Pero resultó que juntas las dos mujeres no se entendieron. En razón de que María de Ataún tenía mal genio, era mandona y, acostumbrada a vivir en soledad, le estorbaba otra persona. Le molestaba aquella moza, que alegaba no haberse ofrecido como criada y se negaba a barrer la casa, a poner el puchero al fuego, y a ordeñar a la vaca. La dicha María de Ataún se enfuriaba, propinaba patadas a Mot para quitarse la cólera y hasta, so voz, amenazaba a Marichu con hacerle un ensalmo que la dejara muerta en un camino o en su propio lecho. De esa guisa discutían las dos mujeres:

—Quieres que barra la casa y friegue los vajillos, pero no cumples… Hoy es lunes, me tienes que dar garbanzos, queso y dos vasos de vino… ¿Y dónde está todo? ¡No está, quieres que me contente con un mendrugo de pan…!

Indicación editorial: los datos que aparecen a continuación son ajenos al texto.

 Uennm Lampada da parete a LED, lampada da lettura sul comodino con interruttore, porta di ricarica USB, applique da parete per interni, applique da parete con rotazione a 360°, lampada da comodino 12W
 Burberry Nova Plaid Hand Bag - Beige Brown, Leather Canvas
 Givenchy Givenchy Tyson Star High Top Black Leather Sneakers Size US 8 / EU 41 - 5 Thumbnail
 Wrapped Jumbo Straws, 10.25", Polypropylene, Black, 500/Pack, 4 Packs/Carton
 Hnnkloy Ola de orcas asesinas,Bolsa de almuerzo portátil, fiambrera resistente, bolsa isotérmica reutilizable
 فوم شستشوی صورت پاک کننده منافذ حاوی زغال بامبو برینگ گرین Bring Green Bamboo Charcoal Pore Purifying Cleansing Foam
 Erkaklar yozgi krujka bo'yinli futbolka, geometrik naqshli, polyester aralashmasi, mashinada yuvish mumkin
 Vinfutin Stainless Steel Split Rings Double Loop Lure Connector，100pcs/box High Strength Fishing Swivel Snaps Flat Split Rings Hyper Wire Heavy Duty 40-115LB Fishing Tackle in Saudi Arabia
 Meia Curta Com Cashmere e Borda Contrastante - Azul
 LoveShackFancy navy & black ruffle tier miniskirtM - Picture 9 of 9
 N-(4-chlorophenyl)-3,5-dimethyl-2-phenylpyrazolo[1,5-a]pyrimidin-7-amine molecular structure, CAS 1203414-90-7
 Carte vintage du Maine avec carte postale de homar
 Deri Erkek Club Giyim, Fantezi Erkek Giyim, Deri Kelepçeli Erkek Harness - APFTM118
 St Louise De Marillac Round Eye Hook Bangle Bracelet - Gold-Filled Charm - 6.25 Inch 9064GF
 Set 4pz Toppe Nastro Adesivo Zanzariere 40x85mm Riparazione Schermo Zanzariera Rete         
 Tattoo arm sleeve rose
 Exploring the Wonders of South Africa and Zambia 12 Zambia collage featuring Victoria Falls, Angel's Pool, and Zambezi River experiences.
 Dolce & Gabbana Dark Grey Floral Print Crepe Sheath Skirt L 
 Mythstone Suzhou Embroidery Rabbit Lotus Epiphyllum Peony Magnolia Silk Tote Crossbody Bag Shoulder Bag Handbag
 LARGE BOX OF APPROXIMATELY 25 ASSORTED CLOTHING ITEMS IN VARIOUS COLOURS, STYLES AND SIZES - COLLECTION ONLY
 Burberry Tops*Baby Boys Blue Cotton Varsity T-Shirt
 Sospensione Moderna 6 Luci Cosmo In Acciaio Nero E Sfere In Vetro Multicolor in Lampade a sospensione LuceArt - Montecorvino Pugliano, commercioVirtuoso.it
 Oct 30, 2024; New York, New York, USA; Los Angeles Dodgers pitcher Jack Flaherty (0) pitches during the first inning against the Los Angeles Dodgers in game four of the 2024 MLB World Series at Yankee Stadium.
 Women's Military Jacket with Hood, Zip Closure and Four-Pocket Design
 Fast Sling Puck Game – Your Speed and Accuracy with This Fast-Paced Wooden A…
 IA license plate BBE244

—¡Mira, niña, yo soy la mejor bruja destos contornos, te he enseñado a ver lo lejano…! ¿Acaso no deberías pagarme tú a mí?

—¡Me ajustaste por comida y una paga, cumple lo convenido!

—Te di unas abarcas y un paño bueno…

—¡Tienes obligación conmigo!

—¡Ah, lo quieres todo, Marichu, ea, ea…!

—¡Ea, ea…!

—¡No te burles que te convertiré en rana…!

—¡Y yo a ti en perro…!

—¡Tente, niña, tente… o llamaré a los demonios!

—¡Si llamas a los demonios me voy…!

—¡Pues vete! ¿Qué clase de bruja eres que tanto miedo te dan los demonios? ¿A tu madre también le producían el mismo miedo?

—Deja a mi madre… O…

—¿O qué…? ¡La María de Abando mucha fama, pero de sortiña nada, era una vulgar ensalmera…!

—¡Qué sabrás tú, maldita vieja…!

Así las cosas, a discusión diaria, constatando las dos Marías que juntas no iban a ninguna parte, convinieron en dar por terminado el contrato verbal que hicieran, y Marichu tornó a su casa, aliviada, en razón de que, como la otra convocaba a los demonios con demasiada frecuencia, le daba miedo vivir con ella y porque estaba acostumbrada a otros modos, a no echar mal de ojo a las gentes por nimiedades, a no andar por el mundo haciendo maldades, en fin. Pero, ay, falleció el can del esfuerzo de caminar, y sus mentoras discutieron durante varios días acaloradamente desde sus tumbas parejas comenzando a la puesta del sol y terminando cuando sonaba el reloj de la iglesia de Santa María anunciando la medianoche, así que le vinieron otra vez los pavores, incluso con mayor intensidad. Por eso un día de buena mañana llenó el talego con dos mudas, un queso, los dos alfileteros de sus madres, unas yerbas, una manta y se lo echó al hombro. Cogió luego una vara, llamó a la vaca, la llevó al mercado de Bilbao y la malvendió; con lo que le dieron compró un pan y una libra de bacalao, y tomó el camino del sur, de Castilla, en busca tal vez de mejores vientos y de nuevas compañías.